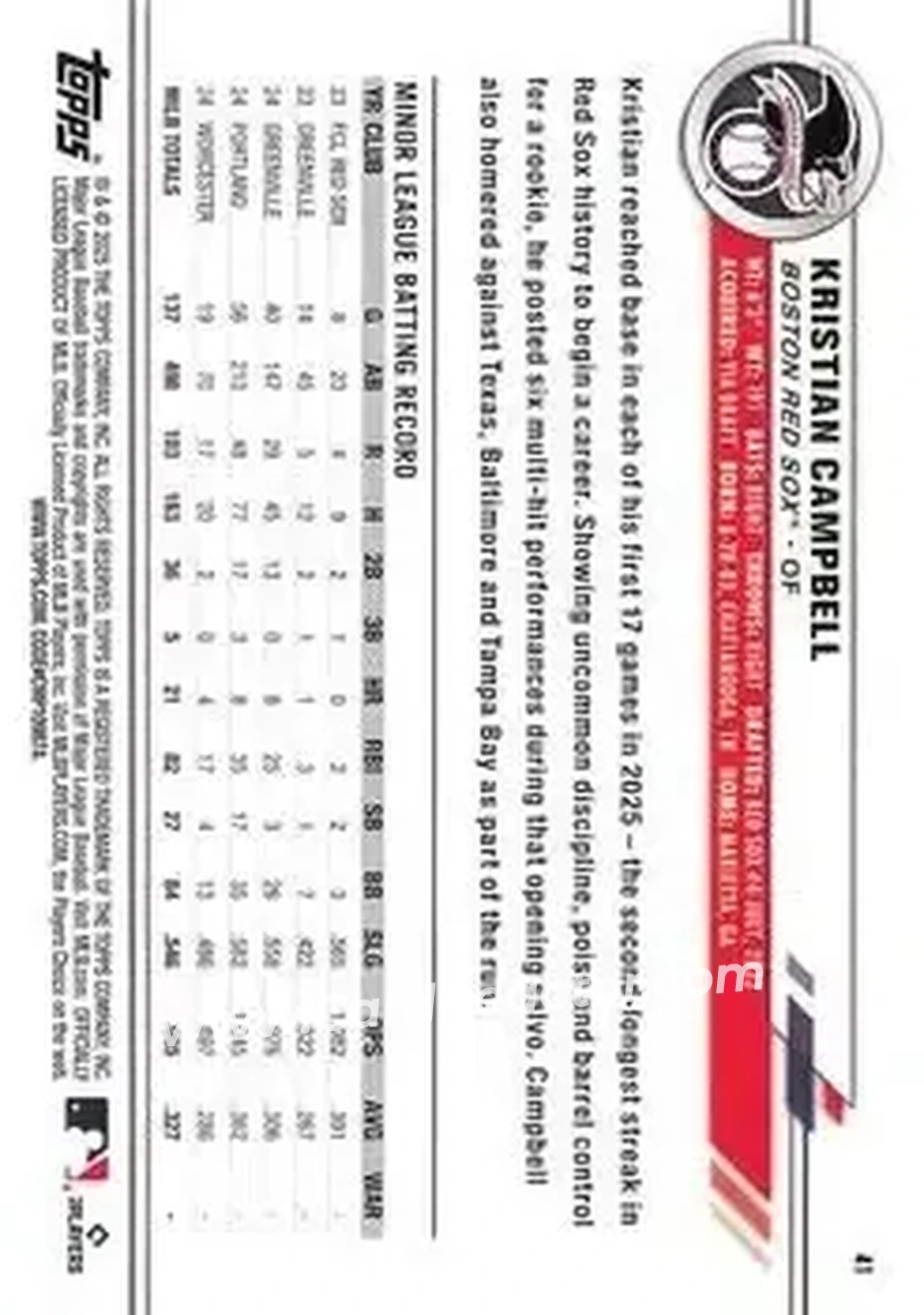 Back of Kristian Campbell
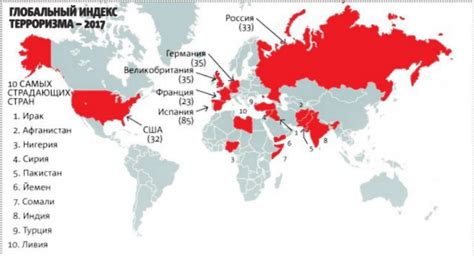 Скорость доставки внутри страны и на международный уровень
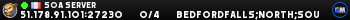SoA Server SoA Server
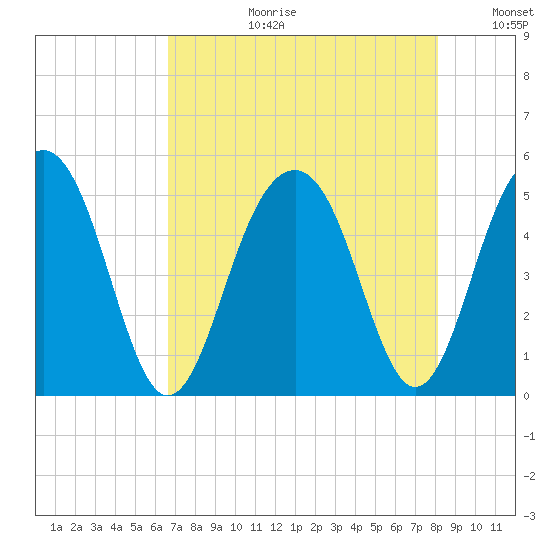 Pennys Creek tide chart for Thursday, August 12, 2021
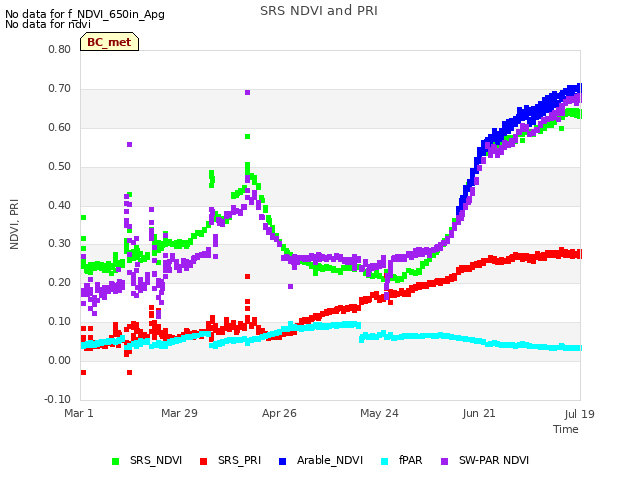 plot of SRS NDVI and PRI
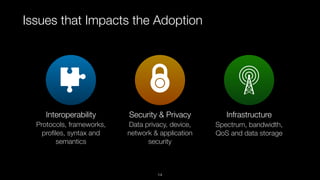 Issues that Impacts the Adoption
Interoperability Security & Privacy Infrastructure
Protocols, frameworks,
proﬁles, syntax and
semantics
Data privacy, device,
network & application
security
Spectrum, bandwidth,
QoS and data storage
14
 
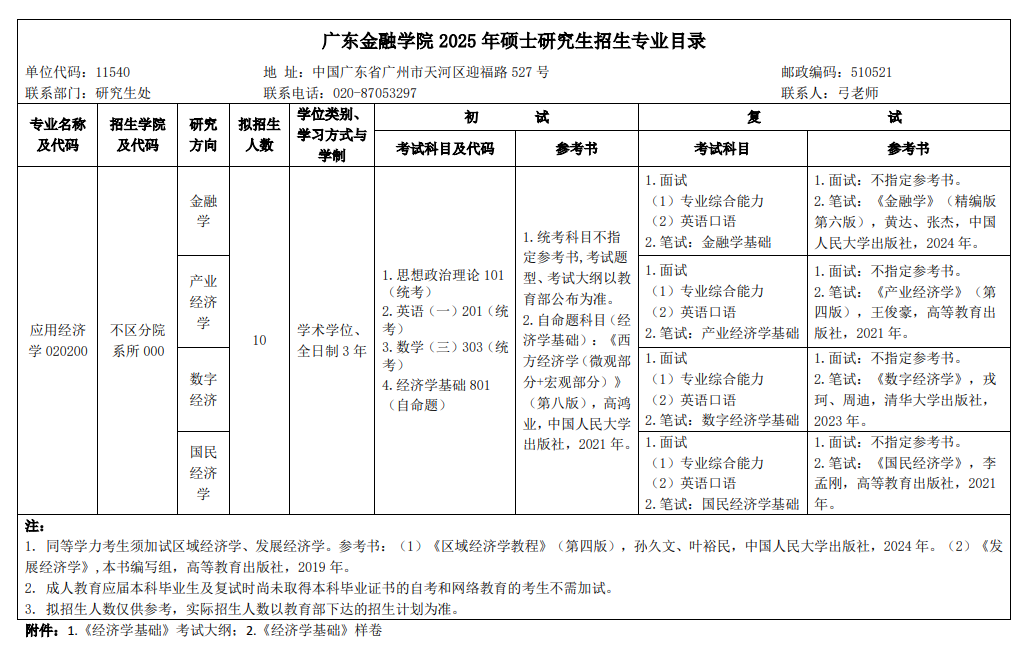 2025广东金融<a href=https://www.211g.cn/tag/xueyuan.html target=_blank class=infotextkey>学院</a><a href=https://www.211g.cn/tag/yanjiusheng.html target=_blank class=infotextkey>研究生</a><a href=https://www.211g.cn/tag/zhaosheng.html target=_blank class=infotextkey>招生</a><a href=https://www.211g.cn/tag/zhuanye.html target=_blank class=infotextkey>专业</a><a href=https://www.211g.cn/tag/mulu.html target=_blank class=infotextkey>目录</a>及<a href=https://www.211g.cn/tag/kaoshi.html target=_blank class=infotextkey>考试</a><a href=https://www.211g.cn/tag/kemu.html target=_blank class=infotextkey>科目</a>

◇ ◇ ◇ ◇ ◇

**EXERCISE INSTRUCTIONS:** The answer must repeat every record exactly, with all pictures left out.

**EXERCISE ANSWER:**
 Back of Kristian Campbell
 Скорость доставки внутри страны и на международный уровень
SoA Server SoA Server
 Pennys Creek tide chart for Thursday, August 12, 2021
 plot of SRS NDVI and PRI
 Issues that Impacts the Adoption
Interoperability Security & Privacy Infrastructure
Protocols, frameworks,
proﬁles, syntax and
semantics
Data privacy, device,
network & application
security
Spectrum, bandwidth,
QoS and data storage
14
 
 2025广东金融<a href=https://www.211g.cn/tag/xueyuan.html target=_blank class=infotextkey>学院</a><a href=https://www.211g.cn/tag/yanjiusheng.html target=_blank class=infotextkey>研究生</a><a href=https://www.211g.cn/tag/zhaosheng.html target=_blank class=infotextkey>招生</a><a href=https://www.211g.cn/tag/zhuanye.html target=_blank class=infotextkey>专业</a><a href=https://www.211g.cn/tag/mulu.html target=_blank class=infotextkey>目录</a>及<a href=https://www.211g.cn/tag/kaoshi.html target=_blank class=infotextkey>考试</a><a href=https://www.211g.cn/tag/kemu.html target=_blank class=infotextkey>科目</a>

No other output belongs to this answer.